The proposal is to be published in the Federal Register in coming days, followed by a 60-day period for public comment.
Although relatively little known outside of industry, government and environmental circles, the act sets out some rights that Americans now take for granted, said Stephen Schima, senior legislative counsel with the environmental advocacy group Earthjustice. “That public meeting you went to in your neighborhood about a highway?” Schima said. “‘That was because of NEPA.”
House Speaker Nancy Pelosi accused the administration of further sidelining any federal efforts to confront climate change. ”These new guidelines undermine critical building requirements that ensure that our communities are able to withstand the growing threat posed by the climate crisis,” she said.
Groups representing professional state and urban planners spoke out against the administration’s proposal.
“Ignoring the future impact of climate change as part of the nation’s core environmental review law will only increase costs of development and future disaster recovery on taxpayers and communities, while making us all more vulnerable to its already apparent effects,” the American Planning Association and the Association of State Floodplain Managers said in a statement.
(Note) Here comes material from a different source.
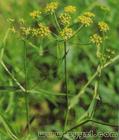 Bupleurum Extract
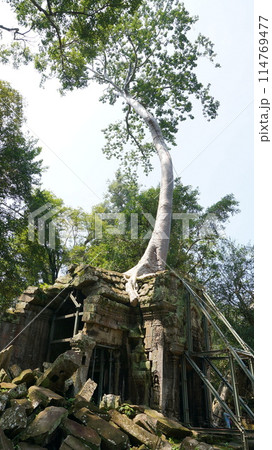ガジュマルの木に浸食された寺院【カンボジア・シェムリアップ】 ガジュマルの木に浸食された寺院【カンボジア・シェムリアップ】 114769477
Trump said the changes would deliver “gleaming new infrastructure” to the United States and would “completely overhaul the dysfunctional bureaucratic system that has created these massive obstructions.
Interior Secretary David Bernhardt told reporters that Trump would “deliver a home run … by cutting red tape that has paralyzed decision making” on projects.
Trump has called throughout his presidency for oil and gas pipelines, in particular, to move ahead despite local opposition. He has advocated shortening the time and length of environmental reviews for projects.
Industry, including the oil and gas sector, has pushed the administration to make good on its pledges for changes in how the federal government enforces the NEPA when it comes to approving or disapproving projects.
Anne Bradbury, head of an independent oil and gas producers trade group, said the new changes will speed up permitting of oil projects, including pipelines, on federal lands.
Jay Timmons, president of the National Association of Manufacturers, in a statement thanked the administration ”for listening to manufacturers—and working to ensure that the 21st-century highways, bridges, power lines, cell towers and more that we rely on get built. ”
Nixon signed the National Environmental Policy Act into law as public outrage over the 1969 oil spill off Santa Barbara, California, and other pollution of the country’s air, water and land spurred creation of the country’s major environmental protections.